- **TASK STATEMENT**:
Copy nothing but the line with "Brzdový kotouč Shimano SMRT26, 6 děr 180mm" and the lines that follow it to the end of the entries below, and keep the pictures out.

---------- SUPPLIED MATERIAL ----------

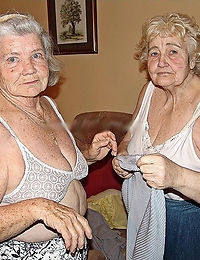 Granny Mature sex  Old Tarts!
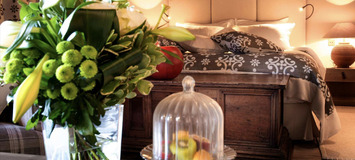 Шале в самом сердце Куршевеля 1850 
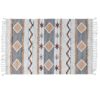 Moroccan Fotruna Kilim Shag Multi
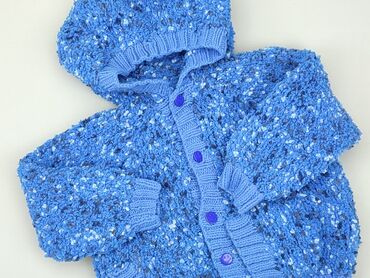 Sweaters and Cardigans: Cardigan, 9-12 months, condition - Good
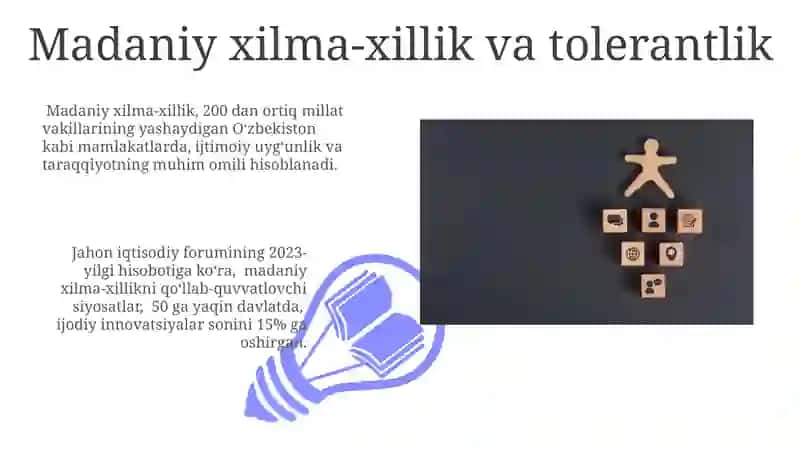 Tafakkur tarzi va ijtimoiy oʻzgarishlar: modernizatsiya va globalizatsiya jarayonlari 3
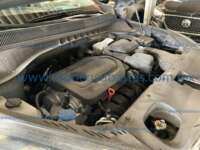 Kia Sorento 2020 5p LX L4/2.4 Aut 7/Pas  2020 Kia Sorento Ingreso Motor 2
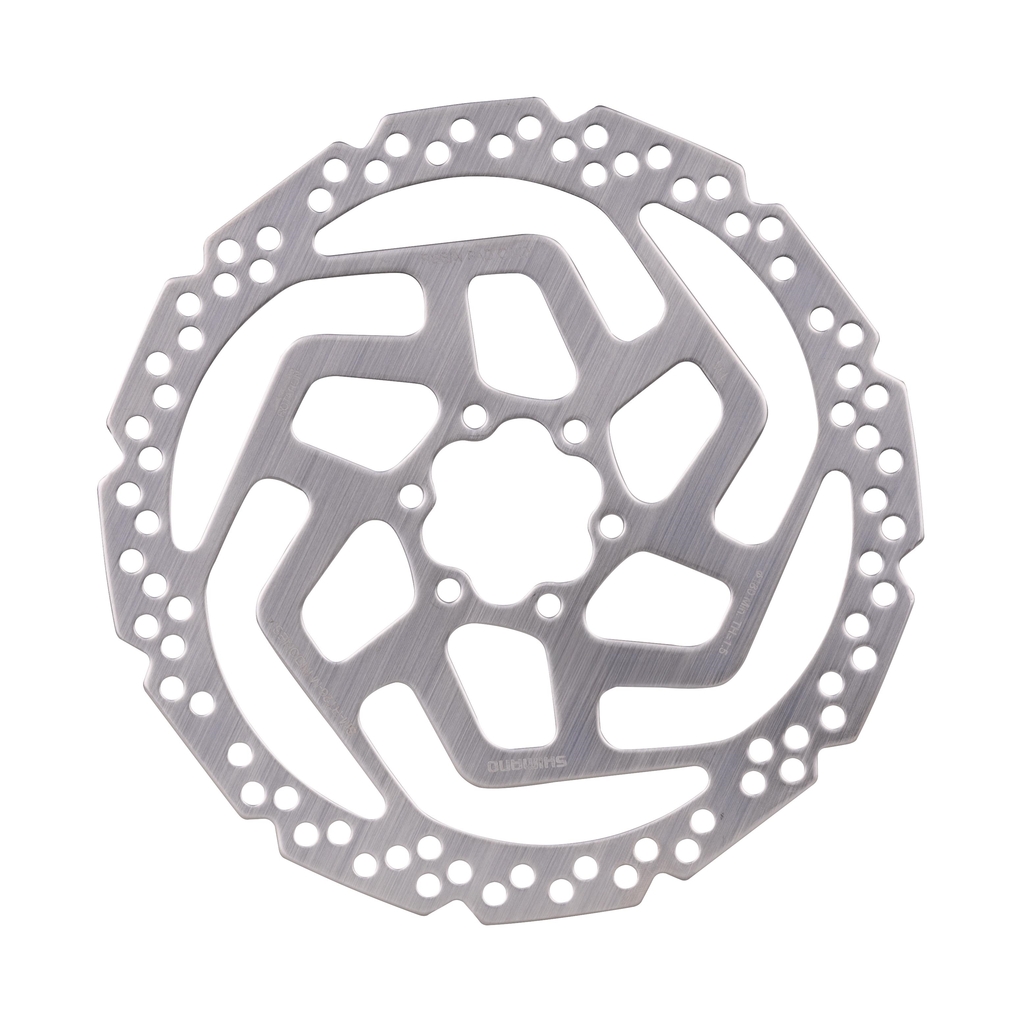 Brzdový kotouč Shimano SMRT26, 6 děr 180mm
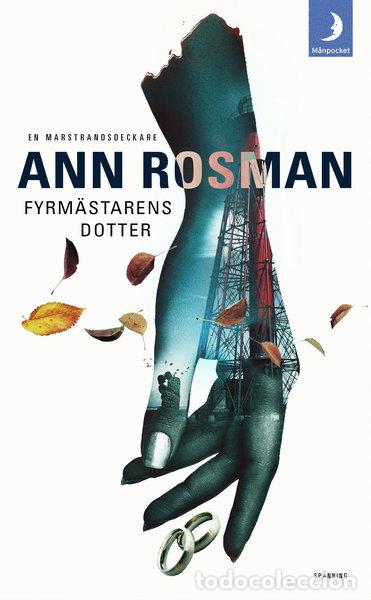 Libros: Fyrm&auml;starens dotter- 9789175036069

----------

- **YOUR RESPONSE**:
 Brzdový kotouč Shimano SMRT26, 6 děr 180mm
 Libros: Fyrm&auml;starens dotter- 9789175036069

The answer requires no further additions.